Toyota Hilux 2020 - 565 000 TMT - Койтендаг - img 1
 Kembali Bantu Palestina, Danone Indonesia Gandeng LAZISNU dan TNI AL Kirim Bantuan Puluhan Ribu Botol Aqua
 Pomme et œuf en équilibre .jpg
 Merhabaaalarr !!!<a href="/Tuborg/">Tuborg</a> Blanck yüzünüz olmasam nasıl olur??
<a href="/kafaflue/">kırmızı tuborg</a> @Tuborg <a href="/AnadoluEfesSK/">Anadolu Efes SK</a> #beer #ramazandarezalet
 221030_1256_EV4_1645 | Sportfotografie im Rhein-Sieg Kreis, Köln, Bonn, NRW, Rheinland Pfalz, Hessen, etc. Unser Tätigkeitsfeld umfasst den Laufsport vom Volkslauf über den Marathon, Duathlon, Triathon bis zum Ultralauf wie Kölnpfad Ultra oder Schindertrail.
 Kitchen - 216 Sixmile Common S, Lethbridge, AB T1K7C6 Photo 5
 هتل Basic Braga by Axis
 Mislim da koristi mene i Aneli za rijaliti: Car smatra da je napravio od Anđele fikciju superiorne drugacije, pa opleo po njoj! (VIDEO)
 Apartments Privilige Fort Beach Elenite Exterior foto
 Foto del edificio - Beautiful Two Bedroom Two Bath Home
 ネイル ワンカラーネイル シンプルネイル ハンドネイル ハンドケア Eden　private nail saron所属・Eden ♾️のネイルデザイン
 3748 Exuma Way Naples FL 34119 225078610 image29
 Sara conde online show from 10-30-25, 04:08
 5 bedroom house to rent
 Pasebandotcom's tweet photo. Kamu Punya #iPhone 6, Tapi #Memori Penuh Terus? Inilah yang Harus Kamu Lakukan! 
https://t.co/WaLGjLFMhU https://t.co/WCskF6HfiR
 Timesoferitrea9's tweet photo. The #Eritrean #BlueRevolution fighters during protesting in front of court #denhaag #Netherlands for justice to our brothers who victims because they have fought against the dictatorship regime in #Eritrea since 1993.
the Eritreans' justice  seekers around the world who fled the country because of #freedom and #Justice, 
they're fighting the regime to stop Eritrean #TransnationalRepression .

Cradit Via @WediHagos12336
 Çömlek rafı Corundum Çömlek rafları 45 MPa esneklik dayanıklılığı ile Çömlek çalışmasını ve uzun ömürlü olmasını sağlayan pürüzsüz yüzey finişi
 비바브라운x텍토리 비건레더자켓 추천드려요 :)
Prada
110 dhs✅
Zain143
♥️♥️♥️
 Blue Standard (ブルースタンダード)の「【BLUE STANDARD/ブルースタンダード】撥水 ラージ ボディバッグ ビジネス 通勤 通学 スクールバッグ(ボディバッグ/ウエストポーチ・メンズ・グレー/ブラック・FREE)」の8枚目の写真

**Action item**.
An exact repeat of the lines from the one containing "Pasebandotcom's tweet photo." through the final line of the entries is the whole answer.

**Result below**.
 Pasebandotcom's tweet photo. Kamu Punya #iPhone 6, Tapi #Memori Penuh Terus? Inilah yang Harus Kamu Lakukan! 
https://t.co/WaLGjLFMhU https://t.co/WCskF6HfiR
 Timesoferitrea9's tweet photo. The #Eritrean #BlueRevolution fighters during protesting in front of court #denhaag #Netherlands for justice to our brothers who victims because they have fought against the dictatorship regime in #Eritrea since 1993.
the Eritreans' justice  seekers around the world who fled the country because of #freedom and #Justice, 
they're fighting the regime to stop Eritrean #TransnationalRepression .

Cradit Via @WediHagos12336
 Çömlek rafı Corundum Çömlek rafları 45 MPa esneklik dayanıklılığı ile Çömlek çalışmasını ve uzun ömürlü olmasını sağlayan pürüzsüz yüzey finişi
 비바브라운x텍토리 비건레더자켓 추천드려요 :)
Prada
110 dhs✅
Zain143
♥️♥️♥️
 Blue Standard (ブルースタンダード)の「【BLUE STANDARD/ブルースタンダード】撥水 ラージ ボディバッグ ビジネス 通勤 通学 スクールバッグ(ボディバッグ/ウエストポーチ・メンズ・グレー/ブラック・FREE)」の8枚目の写真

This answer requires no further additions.